Ron Doss, co-founder of DesertGate, said he was happy to hear from Gutierrez — and could use the help. His company’s three technicians, along with Doss and a fellow co-founder, have been working around the clock since COVID-19 arrived; nowadays they’re booked nearly a month in advance. “We were just floored at the volume of people desperately searching for internet access,” Doss said. Most of the new customers needed the internet for online school.

Gutierrez’s kids need more than an internet connection, however. Because of the area’s high poverty rate, schools have been a major source of food — every student in the district is eligible for free breakfasts, snacks and lunch. So these days, “grab and go” meals are available for pickup around town or are delivered to students who live in more remote areas, he said. 

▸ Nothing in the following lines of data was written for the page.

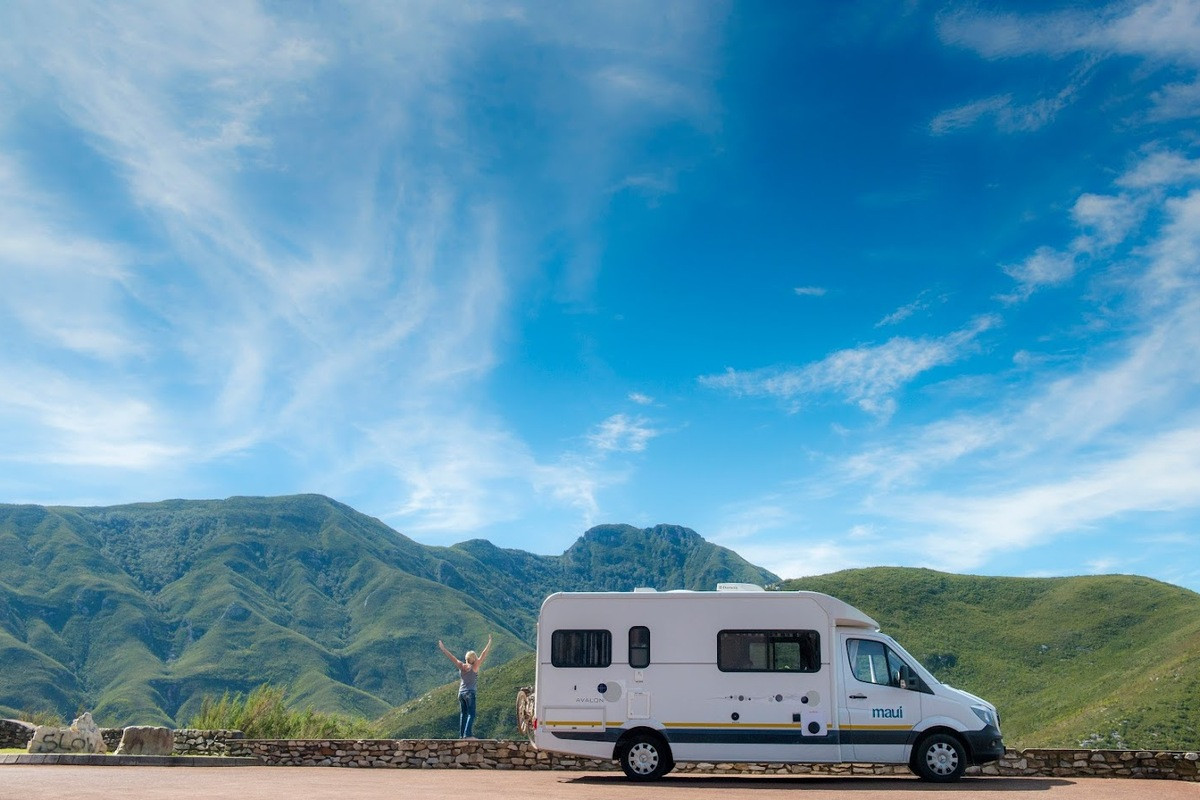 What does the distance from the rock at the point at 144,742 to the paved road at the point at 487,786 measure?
1.29 metres

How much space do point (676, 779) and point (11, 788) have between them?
A: 10.0 meters

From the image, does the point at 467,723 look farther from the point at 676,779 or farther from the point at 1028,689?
the point at 1028,689

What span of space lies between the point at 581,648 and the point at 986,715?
21.6ft

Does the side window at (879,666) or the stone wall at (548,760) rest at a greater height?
the side window at (879,666)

Gutierrez knows he needs to be flexible with his families’ schedules: While some kids can log on during the official school day, others might not be able to get online until the evening. “They’re not going to be dinged just because work isn’t turned in right away,” he said. About 80 to 85 percent of students are present during the live instruction, he said, and the remainder log on later to watch the video lessons and complete the assignments. 

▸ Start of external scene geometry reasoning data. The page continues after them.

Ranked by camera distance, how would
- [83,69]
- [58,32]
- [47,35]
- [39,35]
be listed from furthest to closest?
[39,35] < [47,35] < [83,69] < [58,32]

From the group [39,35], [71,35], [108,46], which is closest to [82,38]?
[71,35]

In a sense, Gutierrez’s district was lucky — for years, the schools had been building the technological infrastructure that would make the transition to online learning possible. By the fall of 2017 the district had purchased laptops for every student. And in the summer of 2019, some teachers started to learn Google Classroom, an online suite of tools that teachers around the country, including those in Las Vegas, are now using for virtual learning. 

Summing up success

Even with the advance preparation, however, the transition to online learning was a challenge. Andrea Tafoya saw it firsthand. Tafoya teaches first grade at Luis E. Armijo Elementary School, which is in Gutierrez’s district, and is the mother of four kids, one of them in second grade. 

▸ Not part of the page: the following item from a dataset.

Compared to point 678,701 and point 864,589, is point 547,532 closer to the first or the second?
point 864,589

Like Currey, the special education teacher, Tafoya said it isn’t always easy to juggle responsibilities. At the beginning it was especially difficult, she said. She’d be trying to teach, and her 7-year-old daughter, Faith, would keep interrupting to ask questions.

“It’s easy to be like, hey, Mom’s in the next room. I’m going to go ask her to help me,” Tafoya said. She’s had to teach her daughter to be more self-sufficient. 

Still, it’s gone well, she added. She’s been pleasantly surprised by how much her daughter has been able to thrive, despite the logistical challenges. The family is also fortunate, she added: Their home has a good internet connection, and Faith knew how to use the computer before COVID-19 arrived. 

“I really thought she was going to struggle with online learning, but she hasn’t,” Tafoya said. Faith recently had to tackle the challenge of adding two- and three-digit numbers together, a real head-scratcher — and she’s doing well. “She hasn’t even really skipped a beat.”